Supongo que debí de repetir hasta el hartazgo esta pregunta todos los días y a todas horas a mi madre, a mi padre y a mis hermanos cada Navidad de mi infancia.

Aquella mezcla de fascinación y nerviosismo me salía por los ojos, llenos de entusiasmo e ilusión, y no paraba de hablar de Sus Majestades, de que no nos podíamos olvidar de dejarles las copitas de champagne y algún trozo de turrón -lo del agua para los camellos nunca me pareció relevante, porque aunque era ingenua como yo sola, sabía que aquellos animales estaban acostumbrados al infierno del desierto-.

Hace ya muchos años que me soltaron el chivatazo en el colegio, aunque yo me resistía porque era la palabra de mis padres contra la de aquellas redichasrompeilusiones; estoy segura de que, teniendo en cuenta mi carácter de aquel entonces, les habría llamado todo mi corto repertorio de insultos, pero con la suficiente entonación intimidatoria como para que me acusasen a la profe, y así era.

Tal vez no casase que la niña de dicción perfecta, amplio vocabulario, y a la que jamás se le caían los mocos, dado que tenía un enorme estilo para sonárselos, fuese tan inteligente, pero tan estúpida como para no saber quiénes eran los Reyes Magos.

Sigo pensando que, aunque echase sapos y culebras contra aquellas que amenazaban mi firme creencia, les estuvo estupendamente despertar a la fiera que había en mí.

La noche del 5 de enero se las tenían que ingeniar para que me metiese en la cama de una bendita vez. No llegué a necesitar Nervocalm, como Felipe el amigo de Mafalda, pero no paraba de dar vueltas en la cama recordando la cabalgata y comparando a unos y "otros reyes" que había visto antes; barbas que se les despegaban de la cara y un Baltasar de orejas blancas; aquéllos eran "Los Reyes de Pacotilla" con los que me cogía mis clásicos cabreos para vergüenza de mis padres en la fiesta que ofrecía la empresa donde mi padre trabajaba.

Y llegaba la mañana tan esperada: todos los juguetes que había pedido; excepto la Barbie y el Cinexín. La Señorita de brazos tiesos e inarticulados llegaría más tarde, pero el Cinexín debió de caérsele a algún paje despistado.

No obstante, lo que me causaba la mayor impresión era que las copas de champagne estaban vacías o mediadas y que, incluso, quedaba algún trozo de turrón mordisqueado.

Hace mucho tiempo que sé la verdad de la famosa pregunta, por la que me dejaba la lengua y la garganta contra las "enteradas".

Puede que, a pesar de la identidad, de que haya regalos o no, de que el 5 de enero duerma igual, siempre me quede en el recuerdo el recorrido de los Magos de Oriente.

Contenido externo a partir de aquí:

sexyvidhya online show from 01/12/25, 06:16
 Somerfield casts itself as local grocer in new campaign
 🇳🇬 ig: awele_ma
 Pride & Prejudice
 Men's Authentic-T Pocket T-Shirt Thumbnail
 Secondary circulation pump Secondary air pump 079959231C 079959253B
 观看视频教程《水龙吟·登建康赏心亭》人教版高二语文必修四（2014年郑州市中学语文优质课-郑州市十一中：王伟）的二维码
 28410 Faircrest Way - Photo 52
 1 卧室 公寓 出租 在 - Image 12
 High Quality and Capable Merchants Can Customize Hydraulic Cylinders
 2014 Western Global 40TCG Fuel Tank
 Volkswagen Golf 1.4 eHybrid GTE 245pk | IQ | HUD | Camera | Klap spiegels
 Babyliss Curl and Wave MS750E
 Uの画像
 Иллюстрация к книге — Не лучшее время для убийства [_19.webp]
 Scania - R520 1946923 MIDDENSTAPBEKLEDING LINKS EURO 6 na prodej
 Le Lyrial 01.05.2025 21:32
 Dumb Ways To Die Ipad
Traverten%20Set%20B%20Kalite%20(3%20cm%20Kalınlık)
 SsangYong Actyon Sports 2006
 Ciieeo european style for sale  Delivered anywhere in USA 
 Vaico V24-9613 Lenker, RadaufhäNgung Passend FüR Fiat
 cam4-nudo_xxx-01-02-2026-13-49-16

Desde el día 24, sobre un inmenso Nacimiento, Sus Majestades avanzaban cada día un paso. Salían del desierto, pasaban por delante de un pozo, sorteaban las montañas del castillo de Herodes, cruzaban el río, pasaban con sus camellos entre los pastores alborozados que escuchaban al Ángel anunciador y, milagrosamente, aparecían el 6 de enero frente al Portal de Belén, adorando al niño con incienso, oro y mirra.

Si esto no es entusiasmo, ilusión y magia, alimentos necesarios para nuestro espíritu, que venga alguna "enterada" y se atreva a decir lo contrario.